Mapbox engineer Bryan Housel explains how to use the Mapillary layer in iD editor to speed up mapping traffic signs in OpenStreetMap. This post was originally published on the Mapbox blog.
Mapping traffic signs on OpenStreetMap just got a lot faster. The latest version of OpenStreetMap’s iD map editor highlights features detected in Mapillary imagery directly in the map view, vastly speeding up the mapping process. This work is courtesy of my colleague Kushan Joshi and leverages Mapillary’s machine learning based sign detection.
This new functionality particularly aids mapping traffic signs like stop signs, turn restrictions, exit numbers, and destination signs—all data that means more accurate ETAs, better instructions, and ultimately less time waiting in traffic.
To get started, open the Map Data panel and click the checkboxes to show the
Photo Overlay and
Traffic Sign layers in iD.
To add a stop sign, place a point along the road at the stop position, then choose the
Stop Sign feature type. You should also check the direction of the road, as indicated by the small triangles that are drawn along the road.
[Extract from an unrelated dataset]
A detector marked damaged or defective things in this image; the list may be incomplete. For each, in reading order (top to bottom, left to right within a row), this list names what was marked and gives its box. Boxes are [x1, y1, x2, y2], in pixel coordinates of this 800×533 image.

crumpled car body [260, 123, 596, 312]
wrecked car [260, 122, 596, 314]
Fill in the
Forward if the sign is for traffic driving in the same direction that the road is drawn, or
Backward if the sign is for traffic driving in the opposite direction.
To map a turn restriction, click on the junction point between the two roads. A turn restriction editor will appear in the sidebar. Select the road entering the intersection and then choose which turns are allowed or restricted.
To map a highway exit, select the junction node where the “link road” splits off from the main highway. Make sure the node is tagged as a
Motorway Junction / Exit and add the exit number to the
Junction Number field.
To map highway destinations, select the “link road” that splits off from the main highway. You will need to open the
All Tags section in the sidebar and add the tags that describe the destinations that this link road leads to. When multiple destinations appear on a sign, you can separate them with a semicolon.
In the example below:
destination=Morristown;Somerville—destinations as they appear on the highway sign.
destination:ref=I 287—route numbers or shields that appear on the highway sign.
destination:ref:to=US 202;US 206—use the
:to suffix for routes where the sign says “To”. These routes are secondary destinations for the highway exit.